§ Exercise brief: Without any images, write the data out exactly as it appears.

§ Exercise data:
* * *

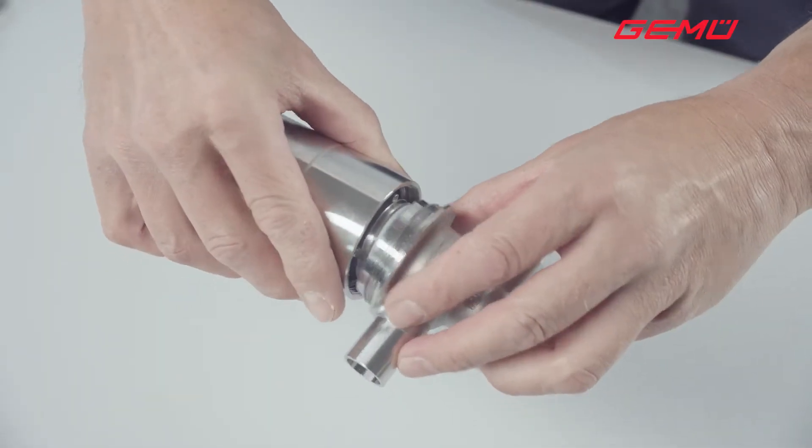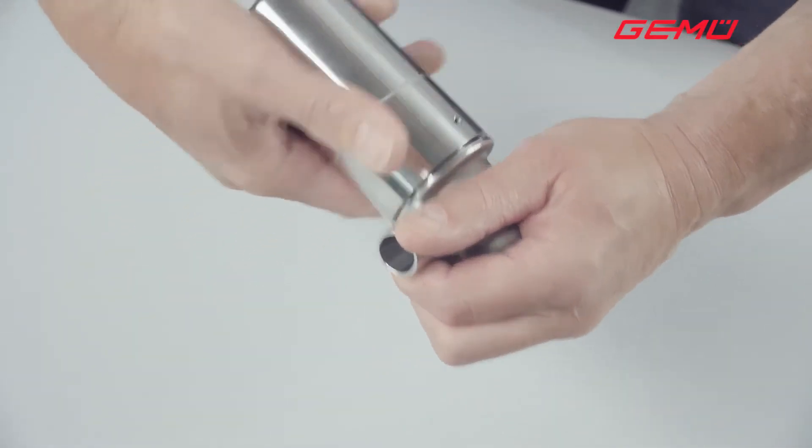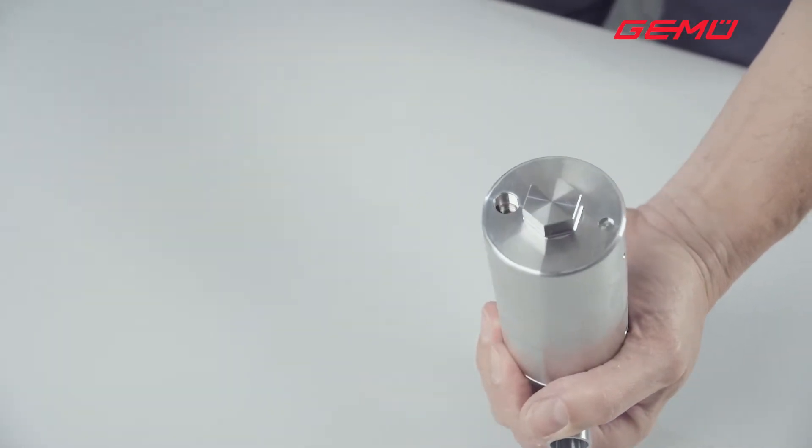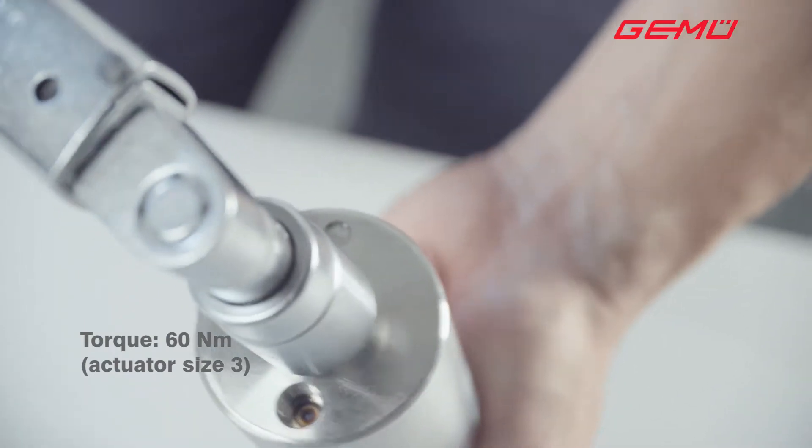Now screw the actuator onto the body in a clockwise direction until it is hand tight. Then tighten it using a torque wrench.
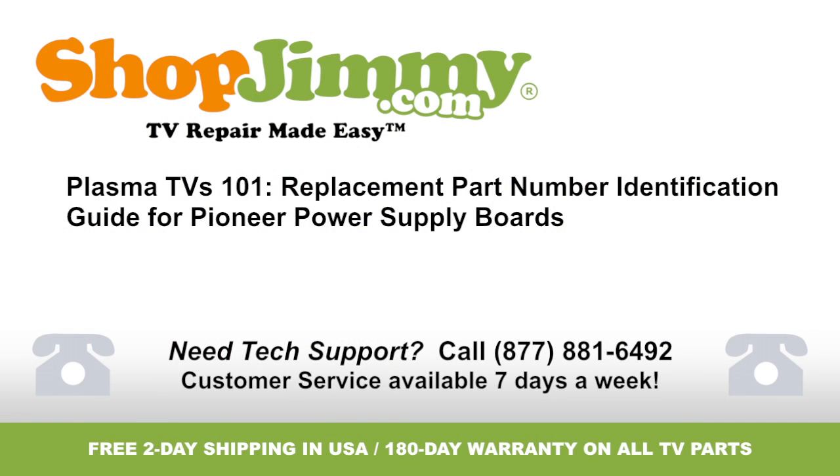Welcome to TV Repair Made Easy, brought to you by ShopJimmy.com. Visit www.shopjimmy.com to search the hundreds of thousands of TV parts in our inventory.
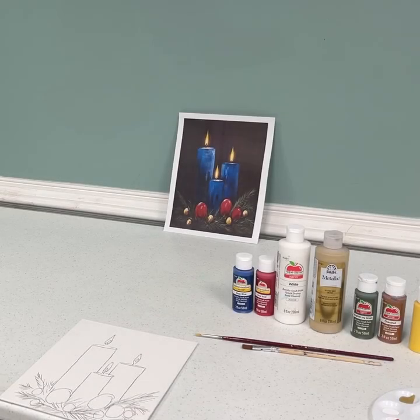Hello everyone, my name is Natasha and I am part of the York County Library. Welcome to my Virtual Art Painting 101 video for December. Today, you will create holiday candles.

* * *

§ Answer section:
Now screw the actuator onto the body in a clockwise direction until it is hand tight. Then tighten it using a torque wrench.
Welcome to TV Repair Made Easy, brought to you by ShopJimmy.com. Visit www.shopjimmy.com to search the hundreds of thousands of TV parts in our inventory.
Hello everyone, my name is Natasha and I am part of the York County Library. Welcome to my Virtual Art Painting 101 video for December. Today, you will create holiday candles.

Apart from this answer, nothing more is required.